*EXERCISE DESCRIPTION*. The answer is the exact run of lines in the listing below from the line containing "Baby Boy Animal" up to and including the line containing "Brand – Rivet", with pictures removed.

*RECORDS FOR THE TASK*.
⟨

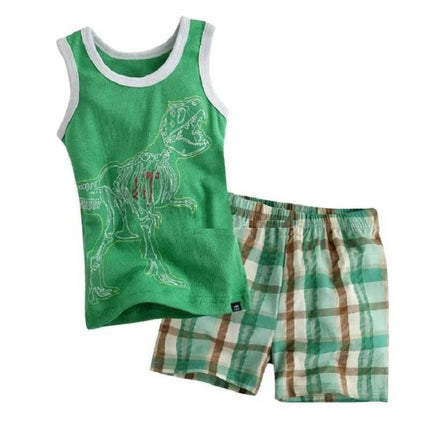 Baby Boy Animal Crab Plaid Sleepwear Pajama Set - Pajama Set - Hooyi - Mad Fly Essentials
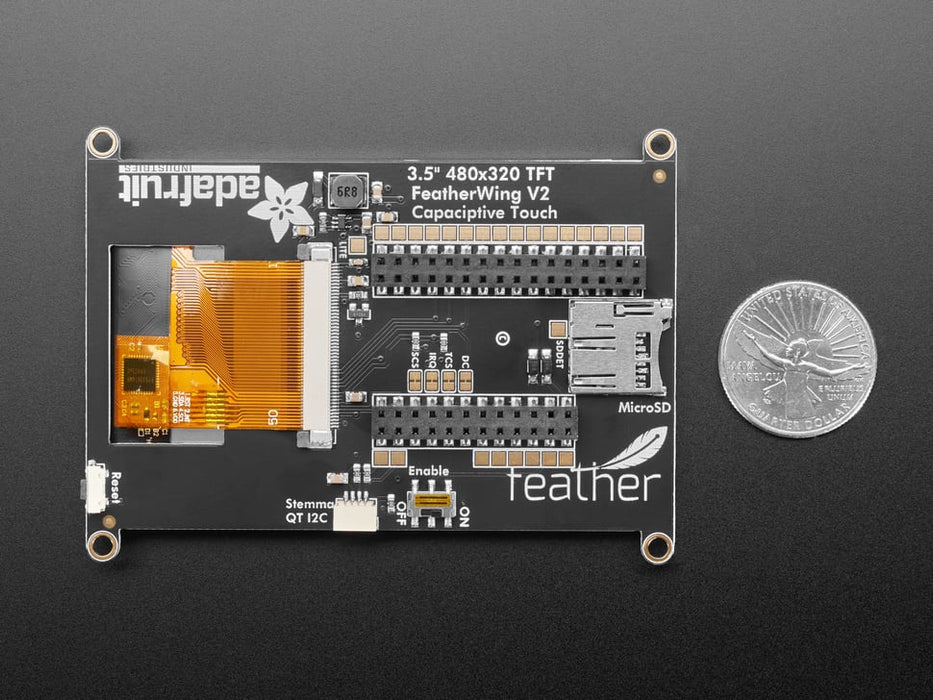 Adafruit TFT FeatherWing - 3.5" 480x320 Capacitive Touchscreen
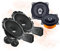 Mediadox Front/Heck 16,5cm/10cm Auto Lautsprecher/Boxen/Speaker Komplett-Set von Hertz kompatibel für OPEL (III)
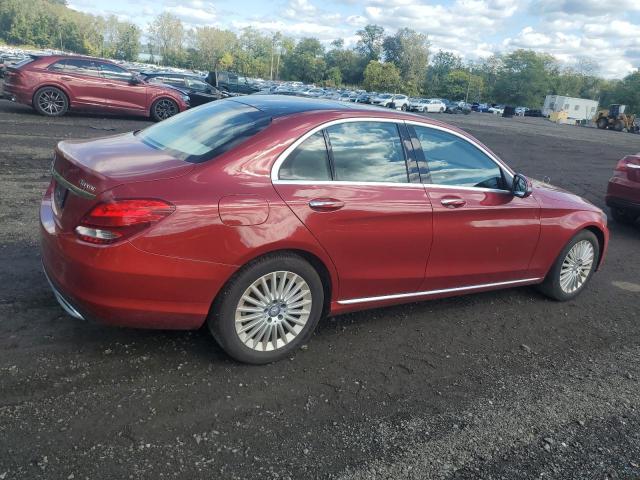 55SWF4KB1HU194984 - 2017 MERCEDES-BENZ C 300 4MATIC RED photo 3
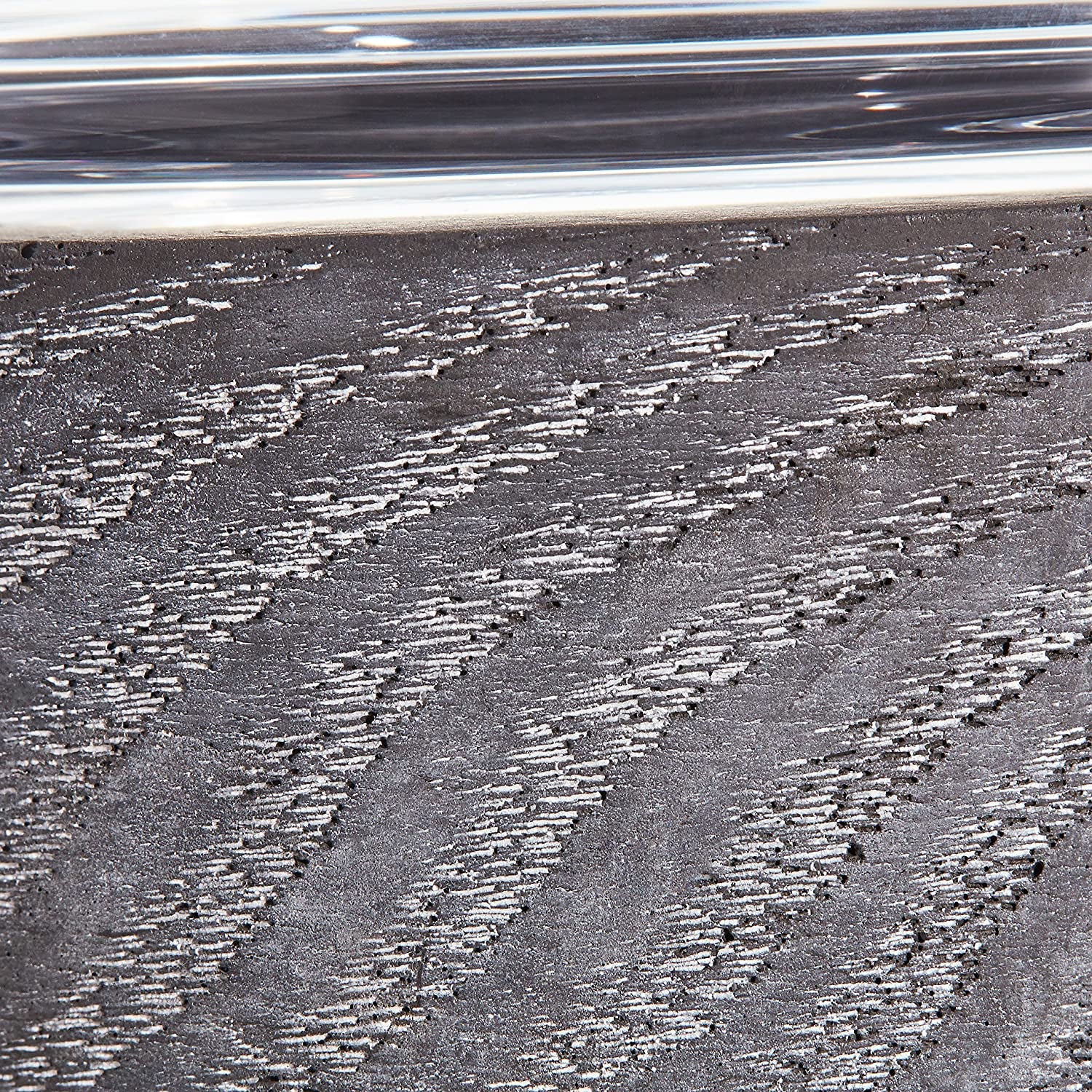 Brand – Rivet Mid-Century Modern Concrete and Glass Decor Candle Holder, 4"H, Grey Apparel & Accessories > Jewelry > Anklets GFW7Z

⟩
⟨

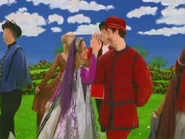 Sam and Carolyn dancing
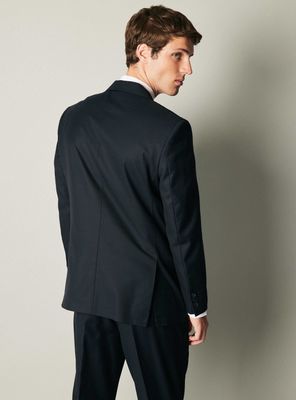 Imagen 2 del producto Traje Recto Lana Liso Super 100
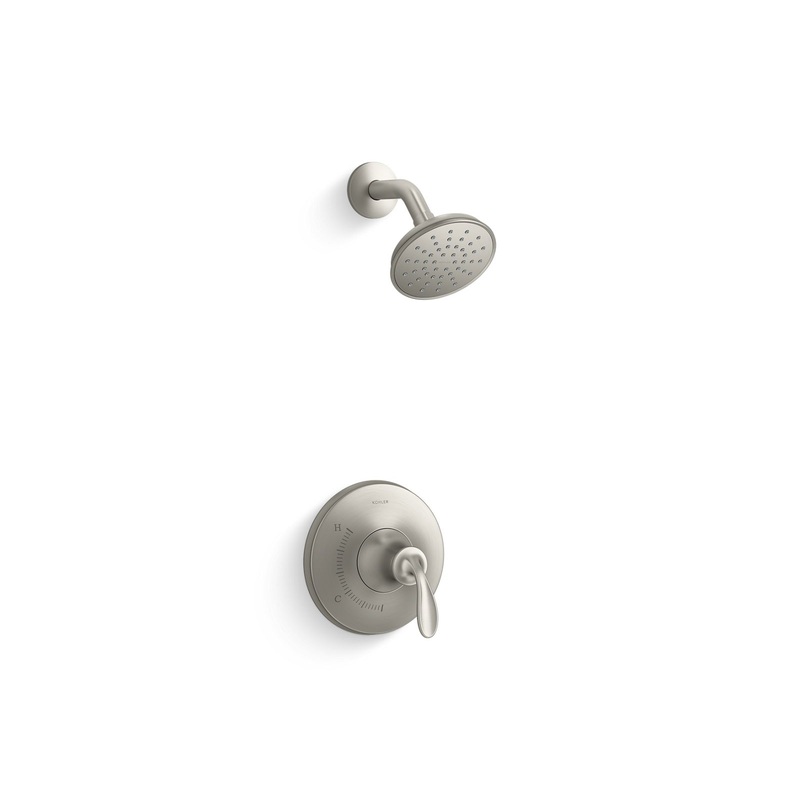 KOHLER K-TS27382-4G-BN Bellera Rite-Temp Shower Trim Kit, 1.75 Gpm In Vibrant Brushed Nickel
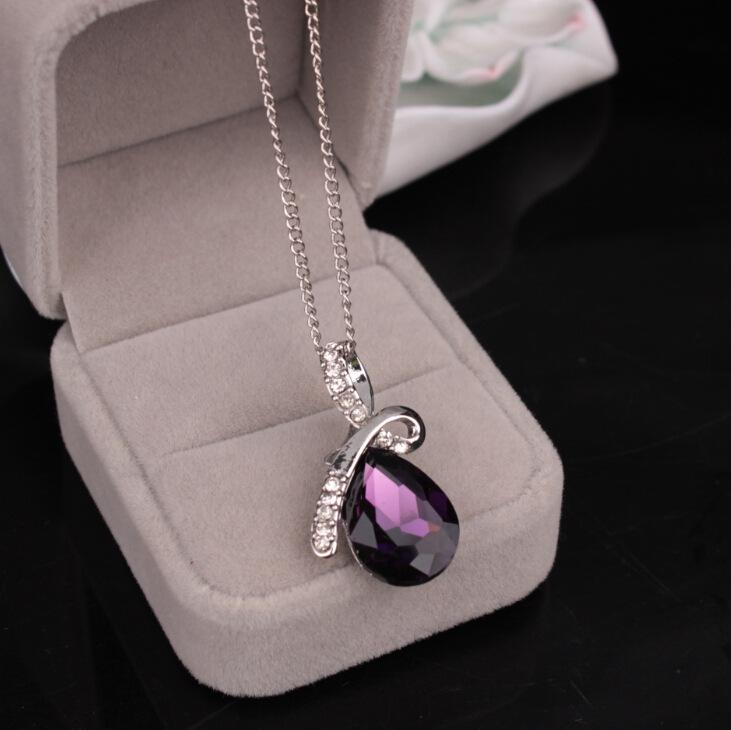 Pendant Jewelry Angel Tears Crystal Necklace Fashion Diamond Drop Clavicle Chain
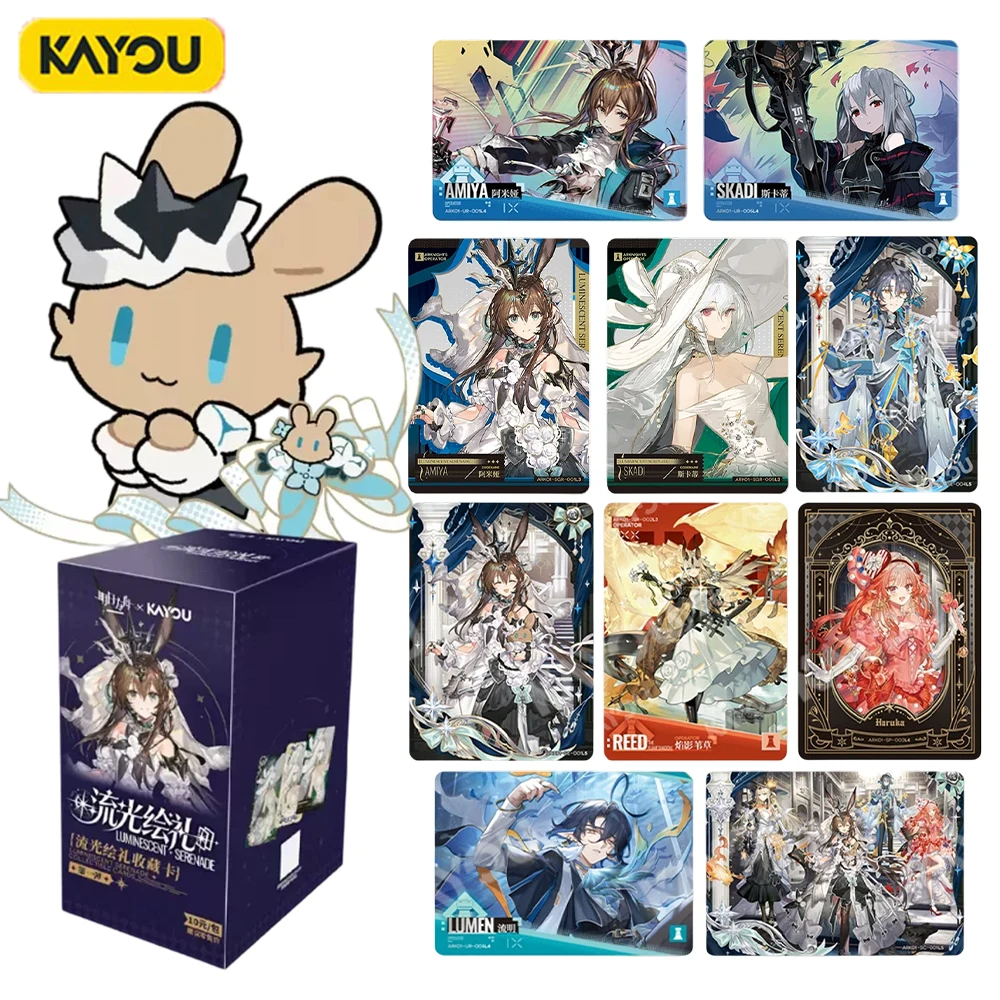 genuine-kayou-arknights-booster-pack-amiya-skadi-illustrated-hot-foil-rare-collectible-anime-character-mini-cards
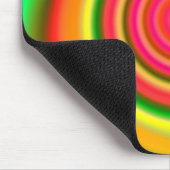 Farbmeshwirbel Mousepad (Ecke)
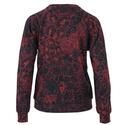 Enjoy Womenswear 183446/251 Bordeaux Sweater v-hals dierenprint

⟩
⟨

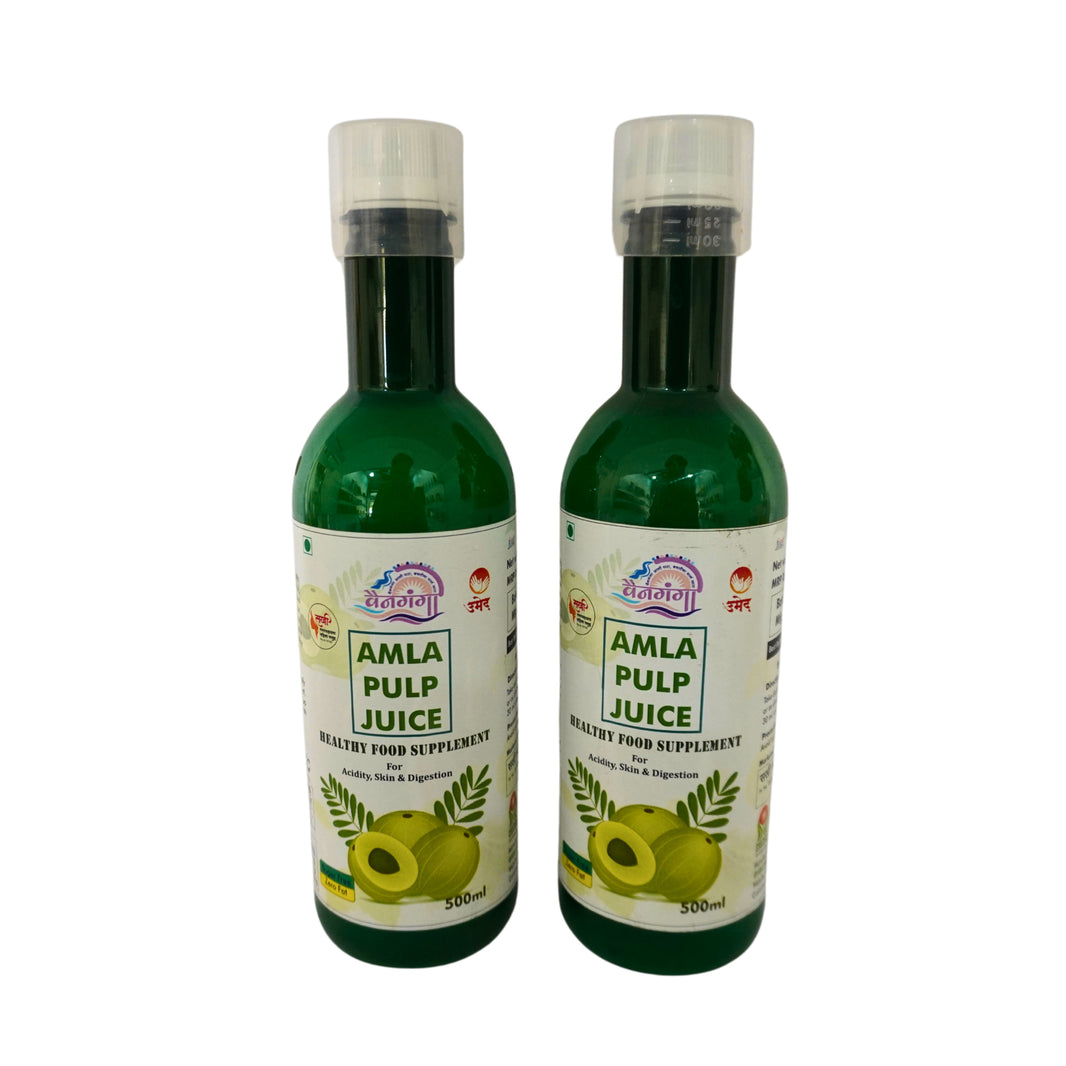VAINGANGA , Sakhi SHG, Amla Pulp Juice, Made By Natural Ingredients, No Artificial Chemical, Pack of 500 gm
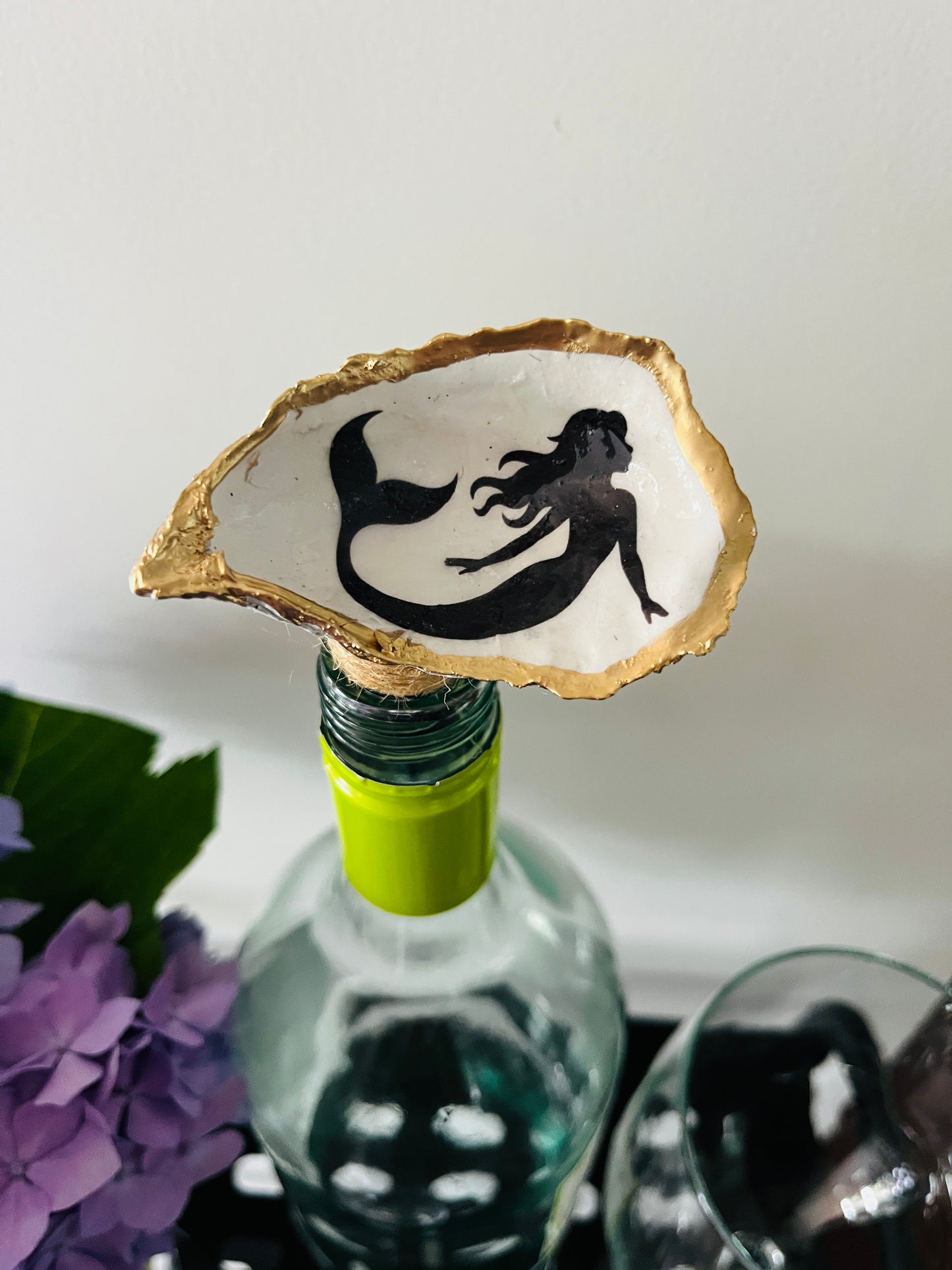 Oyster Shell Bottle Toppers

⟩

*ANSWER TO THE EXERCISE*.
 Baby Boy Animal Crab Plaid Sleepwear Pajama Set - Pajama Set - Hooyi - Mad Fly Essentials
 Adafruit TFT FeatherWing - 3.5" 480x320 Capacitive Touchscreen
 Mediadox Front/Heck 16,5cm/10cm Auto Lautsprecher/Boxen/Speaker Komplett-Set von Hertz kompatibel für OPEL (III)
 55SWF4KB1HU194984 - 2017 MERCEDES-BENZ C 300 4MATIC RED photo 3
 Brand – Rivet Mid-Century Modern Concrete and Glass Decor Candle Holder, 4"H, Grey Apparel & Accessories > Jewelry > Anklets GFW7Z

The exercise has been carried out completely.